Data listing:

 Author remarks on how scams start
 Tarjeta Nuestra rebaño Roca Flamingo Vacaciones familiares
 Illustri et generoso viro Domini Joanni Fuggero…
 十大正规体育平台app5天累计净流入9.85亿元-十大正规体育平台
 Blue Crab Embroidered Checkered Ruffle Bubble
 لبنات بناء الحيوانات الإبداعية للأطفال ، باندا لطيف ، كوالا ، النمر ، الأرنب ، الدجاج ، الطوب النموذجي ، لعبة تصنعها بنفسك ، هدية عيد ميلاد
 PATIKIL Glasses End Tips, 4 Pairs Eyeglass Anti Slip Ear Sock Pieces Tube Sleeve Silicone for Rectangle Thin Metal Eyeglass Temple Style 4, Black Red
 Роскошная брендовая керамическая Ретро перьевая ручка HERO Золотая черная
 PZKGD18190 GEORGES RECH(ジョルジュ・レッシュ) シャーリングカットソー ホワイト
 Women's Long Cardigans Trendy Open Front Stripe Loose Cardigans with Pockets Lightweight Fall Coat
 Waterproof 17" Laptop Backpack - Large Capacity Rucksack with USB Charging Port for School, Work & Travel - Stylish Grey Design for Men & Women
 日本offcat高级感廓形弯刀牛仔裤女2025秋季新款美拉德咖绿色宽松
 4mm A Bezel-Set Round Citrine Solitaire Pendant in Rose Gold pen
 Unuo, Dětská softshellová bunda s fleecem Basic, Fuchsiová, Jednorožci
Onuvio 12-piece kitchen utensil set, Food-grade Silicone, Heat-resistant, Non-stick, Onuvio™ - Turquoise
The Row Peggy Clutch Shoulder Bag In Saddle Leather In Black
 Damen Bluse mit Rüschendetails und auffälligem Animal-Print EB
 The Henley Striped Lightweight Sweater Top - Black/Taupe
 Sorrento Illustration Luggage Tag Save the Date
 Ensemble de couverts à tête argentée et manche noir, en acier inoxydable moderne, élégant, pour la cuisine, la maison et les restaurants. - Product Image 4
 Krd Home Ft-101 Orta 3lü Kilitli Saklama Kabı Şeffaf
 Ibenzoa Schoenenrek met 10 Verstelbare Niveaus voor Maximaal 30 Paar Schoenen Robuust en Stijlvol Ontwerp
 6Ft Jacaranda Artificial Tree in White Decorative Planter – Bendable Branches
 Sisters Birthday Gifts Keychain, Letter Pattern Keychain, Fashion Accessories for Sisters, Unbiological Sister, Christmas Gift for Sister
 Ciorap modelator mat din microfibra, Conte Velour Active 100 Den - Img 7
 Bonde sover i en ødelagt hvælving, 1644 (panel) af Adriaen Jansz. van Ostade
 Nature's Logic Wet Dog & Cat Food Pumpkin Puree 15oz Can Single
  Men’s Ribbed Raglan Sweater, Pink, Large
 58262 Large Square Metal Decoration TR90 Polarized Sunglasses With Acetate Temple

Task details: Restate the data word for word. Begin at its first line, end at the line that contains "Ciorap modelator mat", and include both.

Response box:
 Author remarks on how scams start
 Tarjeta Nuestra rebaño Roca Flamingo Vacaciones familiares
 Illustri et generoso viro Domini Joanni Fuggero…
 十大正规体育平台app5天累计净流入9.85亿元-十大正规体育平台
 Blue Crab Embroidered Checkered Ruffle Bubble
 لبنات بناء الحيوانات الإبداعية للأطفال ، باندا لطيف ، كوالا ، النمر ، الأرنب ، الدجاج ، الطوب النموذجي ، لعبة تصنعها بنفسك ، هدية عيد ميلاد
 PATIKIL Glasses End Tips, 4 Pairs Eyeglass Anti Slip Ear Sock Pieces Tube Sleeve Silicone for Rectangle Thin Metal Eyeglass Temple Style 4, Black Red
 Роскошная брендовая керамическая Ретро перьевая ручка HERO Золотая черная
 PZKGD18190 GEORGES RECH(ジョルジュ・レッシュ) シャーリングカットソー ホワイト
 Women's Long Cardigans Trendy Open Front Stripe Loose Cardigans with Pockets Lightweight Fall Coat
 Waterproof 17" Laptop Backpack - Large Capacity Rucksack with USB Charging Port for School, Work & Travel - Stylish Grey Design for Men & Women
 日本offcat高级感廓形弯刀牛仔裤女2025秋季新款美拉德咖绿色宽松
 4mm A Bezel-Set Round Citrine Solitaire Pendant in Rose Gold pen
 Unuo, Dětská softshellová bunda s fleecem Basic, Fuchsiová, Jednorožci
Onuvio 12-piece kitchen utensil set, Food-grade Silicone, Heat-resistant, Non-stick, Onuvio™ - Turquoise
The Row Peggy Clutch Shoulder Bag In Saddle Leather In Black
 Damen Bluse mit Rüschendetails und auffälligem Animal-Print EB
 The Henley Striped Lightweight Sweater Top - Black/Taupe
 Sorrento Illustration Luggage Tag Save the Date
 Ensemble de couverts à tête argentée et manche noir, en acier inoxydable moderne, élégant, pour la cuisine, la maison et les restaurants. - Product Image 4
 Krd Home Ft-101 Orta 3lü Kilitli Saklama Kabı Şeffaf
 Ibenzoa Schoenenrek met 10 Verstelbare Niveaus voor Maximaal 30 Paar Schoenen Robuust en Stijlvol Ontwerp
 6Ft Jacaranda Artificial Tree in White Decorative Planter – Bendable Branches
 Sisters Birthday Gifts Keychain, Letter Pattern Keychain, Fashion Accessories for Sisters, Unbiological Sister, Christmas Gift for Sister
 Ciorap modelator mat din microfibra, Conte Velour Active 100 Den - Img 7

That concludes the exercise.